Yo fui porque me obligaron. En aquellos tiempos era imposible negarse a esas solemnidades: Que no quiero. Que vas porque vas. Que no quiero. Que te quiero ver vestido en menos de 10 minutos. Que. Que si vuelves a abrir la boca, te vas a comer los dientes. Ese día nos preparamos todos, mamá, papá, Isa y yo. Por suerte, todos y cada uno de los que vivían en Villa Traición también irían, así que estaba seguro de que vería a Eugenia. Si ella estaba no me importaba nada. Se había muerto Doña Celestina, la partera de todos, y había que darle el pésame a los Rivera.
Subíamos la cuesta, porque a los muertos se les velaba en las casas, y prontamente llegaba el olor a chocolate, a café, a caldo de pollo, a pan, a muerto. Con nosotros también subió Don Fermín y sus hijas. Los adultos hablaban de la muerta, Isa charlaba con Beatriz, y yo le miraba el cuello a Clara, fijándome a ver si veía el famoso lunar en forma de corazón del que todos los chicos del pueblo hablaban. A lo alto de la montaña estaba la casa, y pude ver a mucha gente conocida. La verdad, lo que se veía a lo lejos era un montón de sombras negras. Allí también estaba Eugenia.
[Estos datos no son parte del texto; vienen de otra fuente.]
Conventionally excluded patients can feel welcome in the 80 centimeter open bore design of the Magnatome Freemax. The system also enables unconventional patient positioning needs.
Al llegar a la casa, la estampa de cualquier velorio de campo: la muerta en la caja, la familia llorosa, los niños correteando, las señoras chismeando y los hombres fumando y bebiendo. Poco después de las seis de la tarde, el velorio se había convertido en una fiesta. Sacaron una mesa de dominó y pusieron danzas de antaño. Doña Josefa sacó a bailar al licenciado Veguilla, Don Georgino se abalanzó sobre Doña Inés y de pronto una estampida de bailarines se apoderó de la cocina, la sala, el balcón y el patio. Yo sólo veía cómo la caja y la muerta parecían desplazarse por el salón. Pensaba lo genial que sería que la muerta se levantase enojada exigiendo el respeto a los muertos, el mismo respeto del que hablaban al subir la cuesta hacia la casa, y el respeto que habían olvidado entre el aguardiente y la caída del sol. Busqué a Eugenia con la vista, y la sorprendí mirándome. Vi que se mojó los labios con la lengua. Vi que se soltó el pelo. Vi que se levantó el traje enseñándome los muslos. Vi la gloria de Dios.
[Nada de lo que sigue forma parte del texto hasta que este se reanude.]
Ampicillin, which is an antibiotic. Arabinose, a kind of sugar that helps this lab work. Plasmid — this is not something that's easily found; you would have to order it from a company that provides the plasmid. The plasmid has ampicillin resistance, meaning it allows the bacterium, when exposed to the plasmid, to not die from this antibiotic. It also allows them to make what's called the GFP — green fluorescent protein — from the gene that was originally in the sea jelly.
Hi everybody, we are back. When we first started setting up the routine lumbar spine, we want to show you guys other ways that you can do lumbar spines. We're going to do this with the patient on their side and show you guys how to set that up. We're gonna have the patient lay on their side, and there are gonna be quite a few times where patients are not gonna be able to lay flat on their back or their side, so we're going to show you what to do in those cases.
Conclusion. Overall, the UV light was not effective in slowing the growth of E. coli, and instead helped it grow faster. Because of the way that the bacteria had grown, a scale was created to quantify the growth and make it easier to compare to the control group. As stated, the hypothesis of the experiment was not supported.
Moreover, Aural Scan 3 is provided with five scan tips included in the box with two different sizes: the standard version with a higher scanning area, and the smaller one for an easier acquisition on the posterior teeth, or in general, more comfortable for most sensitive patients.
Cuando el reloj marcó las nueve en punto, y justo cuando me animé a cruzar entre la gente para llevárme a la Eugenia a una esquina oscura, una ráfaga helada salió desde el lugar más recóndito de la casa, atravesó la cocina y salió disparada por el balcón tumbando la mesa de dominó y partiendo en dos el árbol quenepas que guarecía la casa de los rayos del sol en los días más calientes de verano. Un rayo que venía desde el mismísimo infierno.
Como por arte de magia y a la velocidad de la luz, apagaron la música de un trancazo, agarraron carteras, bastones, sombreros y niños, y en manada, bajaron la cuesta sin mirar atrás. Se cerró la casa, se prendieron velas y se rezaron rosarios.
Al otro día todo el pueblo susurraba lo que había pasado en el velorio. Nadie se atrevía a pasar cerca de la casa. Nadie se atrevía a mirar a la familia de la muerta a la cara. Nadie se atrevía a mencionar el nombre de Doña... ... de la vieja partera. Yo maldije su nombre incontables veces por no haberme permitido llegar hasta los muslos de Eugenia. La maldije mil veces por haberme quedado con las ganas. La Eugenia se me escapó ese día, pero me la llevé poco después.

Sunday, February 21, 2010

Miércoles, 21 de abril de 1939

Me quedan semanas de vida. A la tumba me llevo tu nombre y tu olor. Si pudiera llevarte conmigo lo haría, aunque no quisieras. No puedo creerlo. No quiero morirme por tu culpa. Esperé la muerte desde niño y ahora que la tengo encima, no la quiero cerca. No le tengo miedo. Lo único que no me gusta es que es inevitable irme sin ti. Te quiero tanto para mí, que te contagiaría sólo para que vinieras conmigo. A veces, cuando te me acercas mucho, quiero agarrarte del cuello, besarte y decirte: "... en menos de un mes, estarás aquí, a mi lado, escupiendo sangre como yo ...". Eso me da ánimos. Ven conmigo.